The mother of one of Richard Benson’s victims is speaking out after Governor Gavin Newsom announced he was placing a moratorium on the death penalty.

Benson has been on death row since April of 1987 after he was convicted of murdering 24-year-old Nipomo resident Laura Camargo, as well as suffocating her infant son and molesting and murdering her three and four-year-old daughters.

Richard Benson victims
Laura Camargo and her two daughters (family photo)

 

Camargo’s mother, Mary Einert, tells NBC affiliate KSBW she has barely told anyone about the case in the years since, but she felt she needed to speak out in an attempt to change Governor Newsom’s mind on his death penalty moratorium.
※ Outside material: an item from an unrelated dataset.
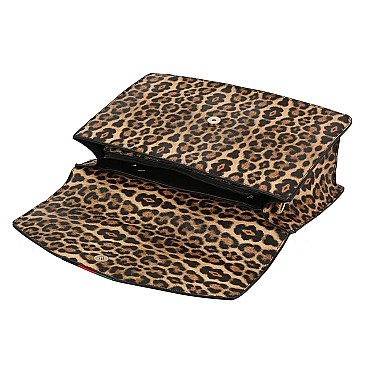 Queen Bee Stripe Lucky Leopard Flap 2-in-1 Satchel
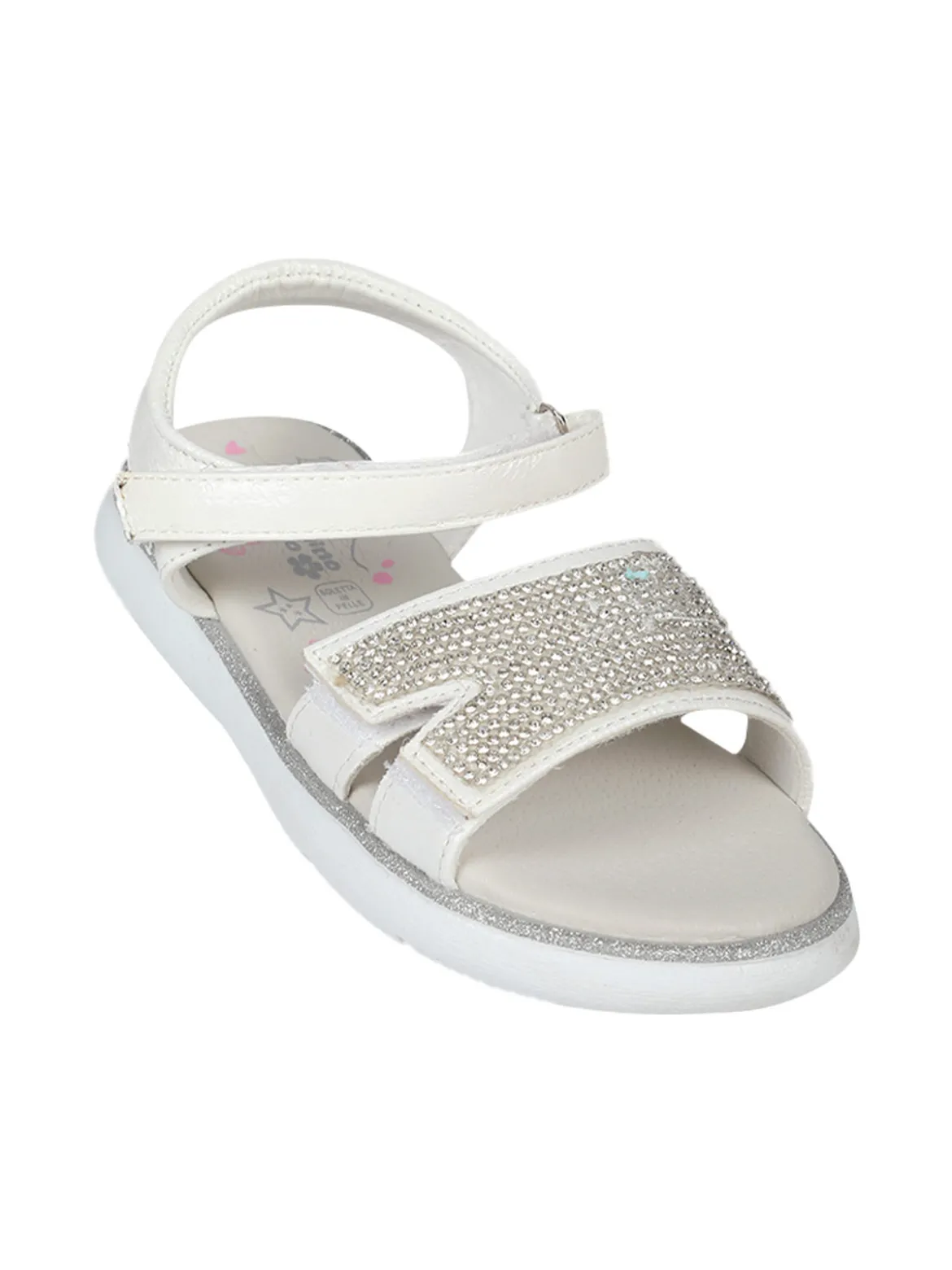 Giardino D'Oro Sandali da bambina con strass e cinturino a strappo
“This is one of the things I hate, telling people about it and making them sad. I don’t want to traumatize people,” said Einert.

Benson was 39 years old when he killed Einert’s daughter by brutally beating her with a hammer. He suffocated her 23-month-old son and spent the next 30 hours molesting Laura’s young daughters. During the investigation, he told police it was a “molester’s type of heaven.” He later set the house on fire, and police arrested him three days later.

Richard Benson
Richard Benson appears in court.

 

Einert says there will never truly be closure in the case, but she found some solace in the idea that Benson was sentenced to death and would eventually face the same punishment her daughter and grandchildren faced.

“Gavin Newsom has ripped the scab off of my wound and opened it all over again,” said Einert. “He’s giving freedom from their sentence to people who have created tragedy in an enormous amount of people’s lives. I don’t know how many numbers are on death row in San Quentin, but this is just one story.”

Richard Benson

Benson is one of three men sitting on California’s death row for crimes committed in San Luis Obispo County. There is currently a total of 12 death row inmates whose trials were held in San Luis Obispo and Santa Barbara counties.

Governor Newsom’s moratorium halts executions for 737 inmates as long as he is governor.